*** Recorded data Section Begins ***

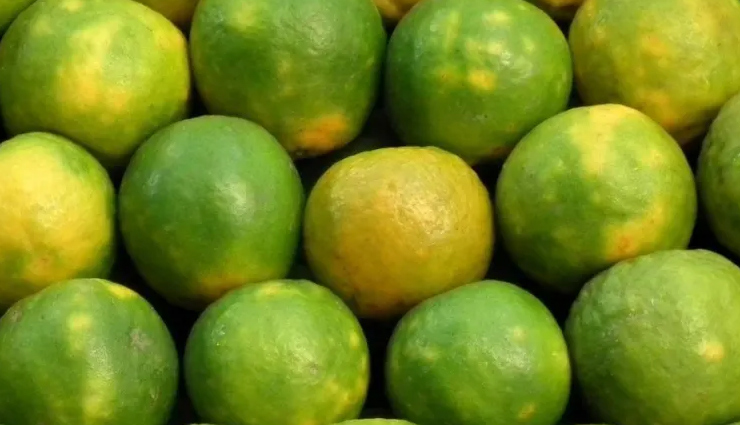 मानसून के दिनों में ऐसा रखें अपना आहार, मौसमी बीमारियों से होगी सुरक्षा
foods to eat in rainy season,healthy living,Health tips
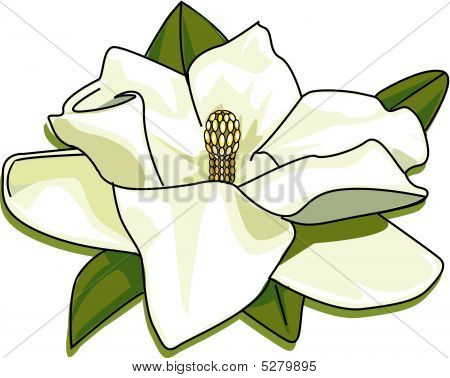 dogwood vector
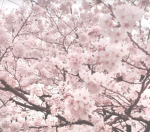 . Cherry blossem .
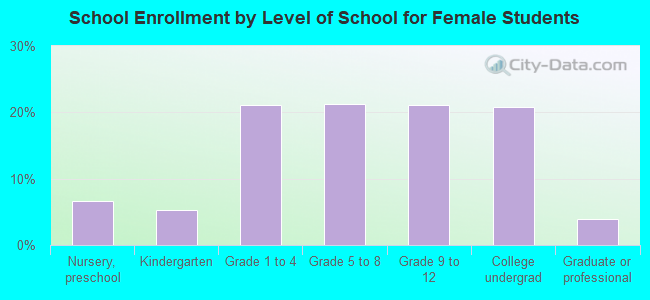 School Enrollment by Level of School for Female Students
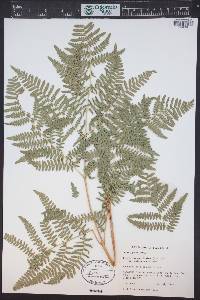 Pteridium aquilinum var. pubescens image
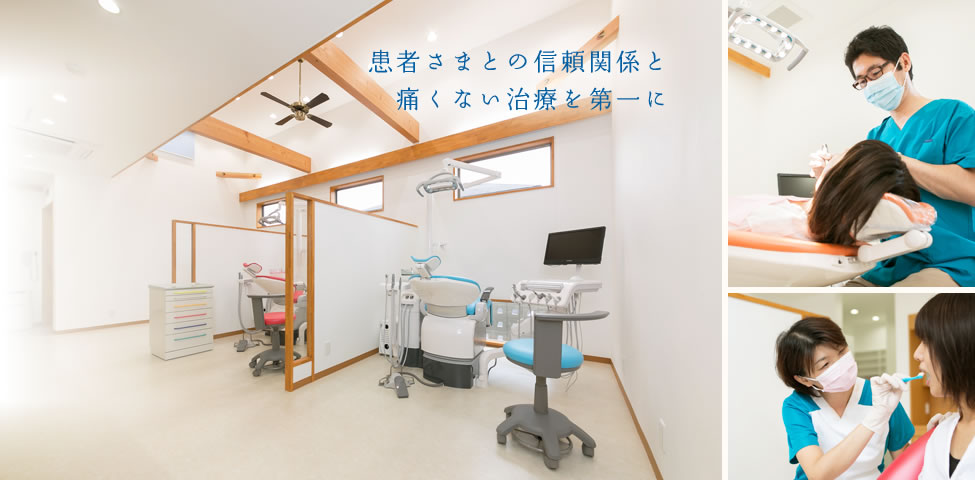 公式案内画像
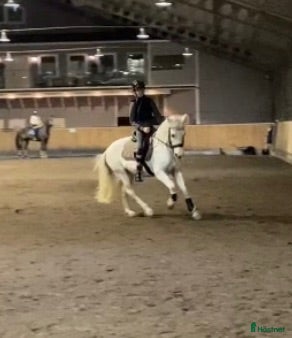  hästar Välriden dressyrponny m hjärta av guld - Annons 1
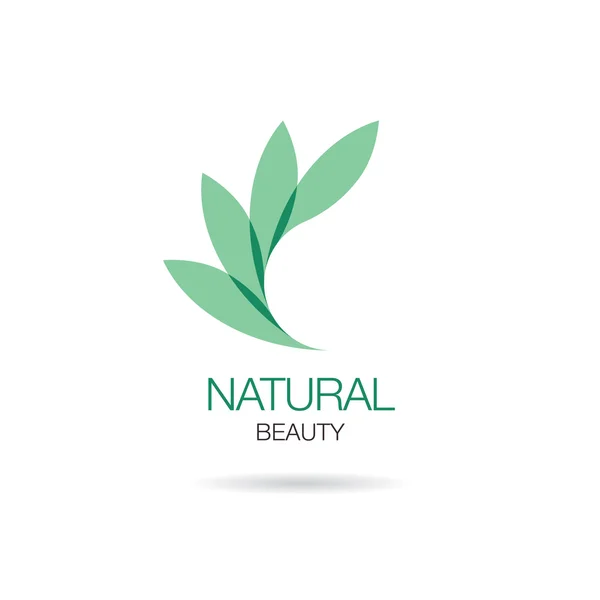 Logo spa design — Image vectorielle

*** Recorded data Section Ends ***

◆ What to produce ◆
Each record must be quoted in full and exactly. Do not include the pictures.

◆ Task output ◆
 मानसून के दिनों में ऐसा रखें अपना आहार, मौसमी बीमारियों से होगी सुरक्षा
foods to eat in rainy season,healthy living,Health tips
 dogwood vector
 . Cherry blossem .
 School Enrollment by Level of School for Female Students
 Pteridium aquilinum var. pubescens image
 公式案内画像
  hästar Välriden dressyrponny m hjärta av guld - Annons 1
 Logo spa design — Image vectorielle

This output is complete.